Dataset records -
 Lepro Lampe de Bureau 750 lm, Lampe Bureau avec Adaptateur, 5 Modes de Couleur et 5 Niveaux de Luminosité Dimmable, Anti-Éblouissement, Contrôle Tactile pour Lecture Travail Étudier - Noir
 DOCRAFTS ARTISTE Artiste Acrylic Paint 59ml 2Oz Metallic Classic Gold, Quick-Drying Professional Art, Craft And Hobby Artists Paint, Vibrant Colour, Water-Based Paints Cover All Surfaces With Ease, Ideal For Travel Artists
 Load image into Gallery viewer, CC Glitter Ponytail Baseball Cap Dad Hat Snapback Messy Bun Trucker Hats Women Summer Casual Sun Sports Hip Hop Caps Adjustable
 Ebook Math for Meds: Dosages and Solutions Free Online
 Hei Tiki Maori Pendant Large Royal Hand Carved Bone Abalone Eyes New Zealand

==

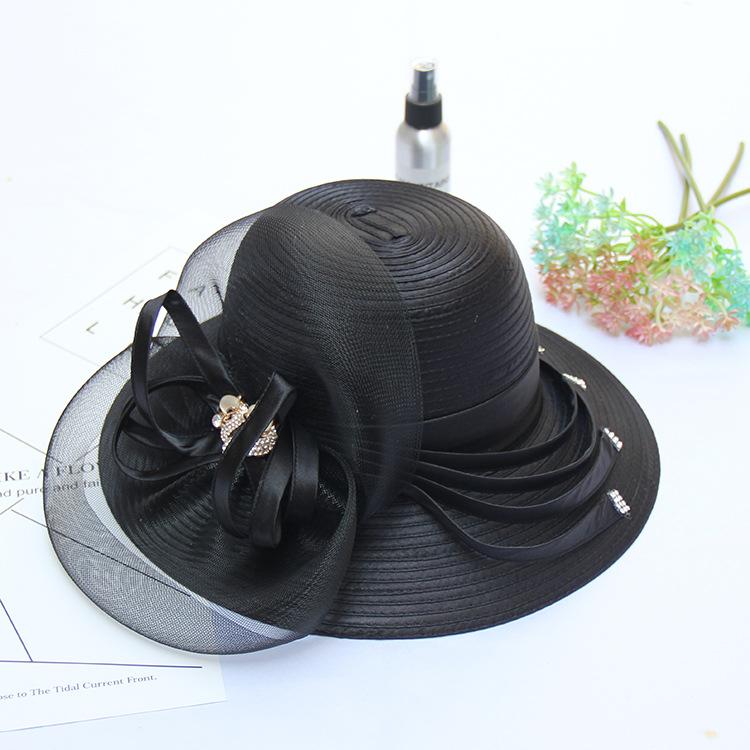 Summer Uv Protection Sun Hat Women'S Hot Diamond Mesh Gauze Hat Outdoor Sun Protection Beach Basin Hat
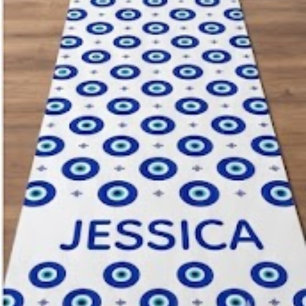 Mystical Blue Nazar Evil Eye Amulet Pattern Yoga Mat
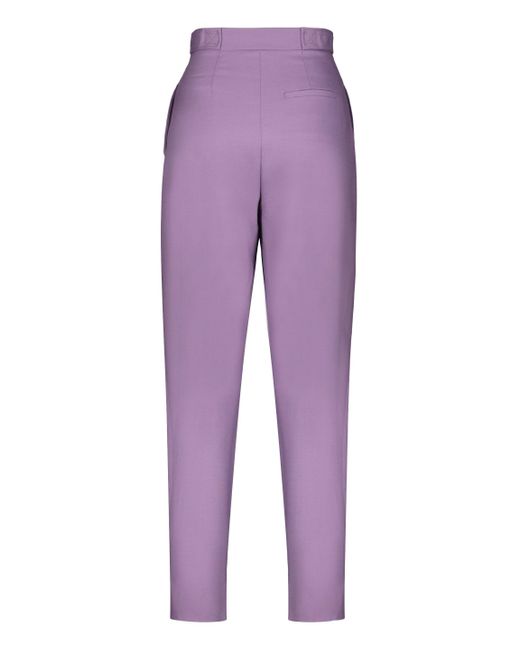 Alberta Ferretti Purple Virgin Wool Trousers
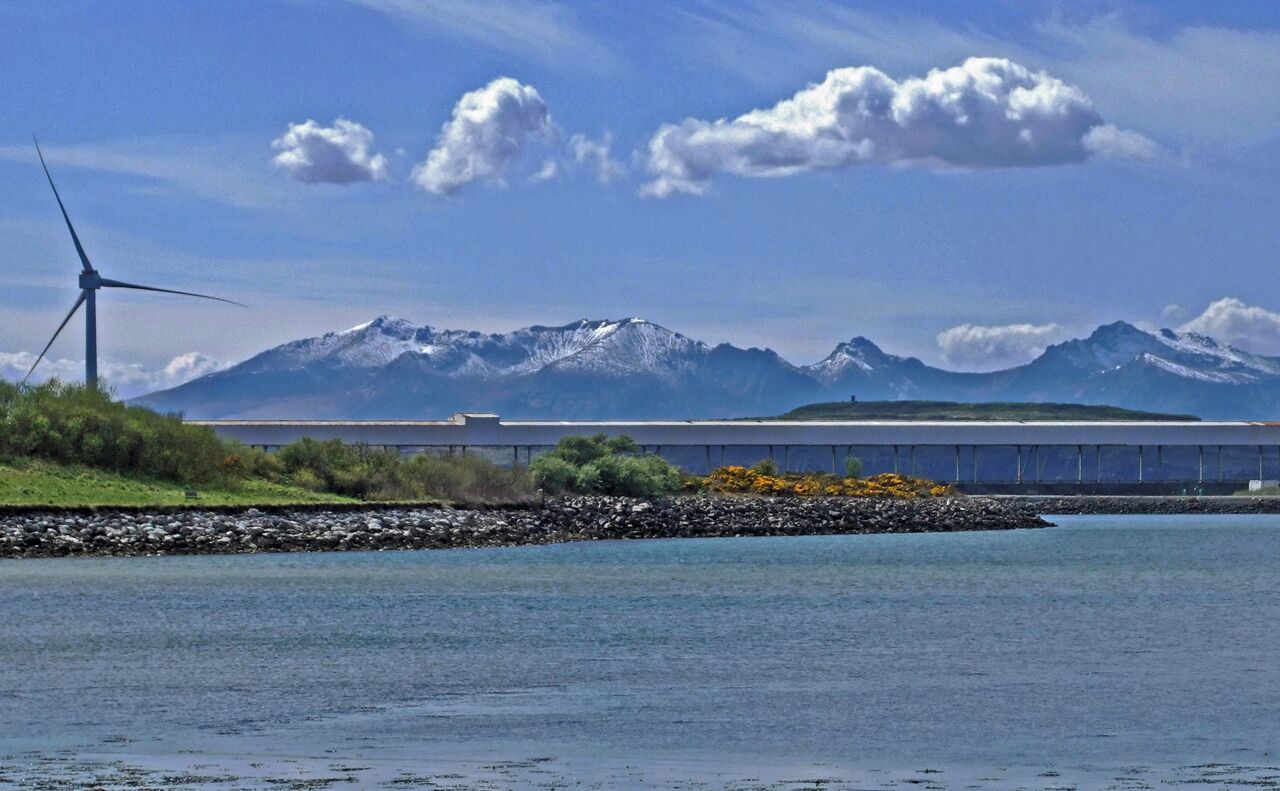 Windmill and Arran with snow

Brief - Reproduce verbatim only the segment of the listing bounded by the line containing "Lepro Lampe de" and the line containing "DOCRAFTS ARTISTE Artiste", with both boundary lines included.

Exercise output -
 Lepro Lampe de Bureau 750 lm, Lampe Bureau avec Adaptateur, 5 Modes de Couleur et 5 Niveaux de Luminosité Dimmable, Anti-Éblouissement, Contrôle Tactile pour Lecture Travail Étudier - Noir
 DOCRAFTS ARTISTE Artiste Acrylic Paint 59ml 2Oz Metallic Classic Gold, Quick-Drying Professional Art, Craft And Hobby Artists Paint, Vibrant Colour, Water-Based Paints Cover All Surfaces With Ease, Ideal For Travel Artists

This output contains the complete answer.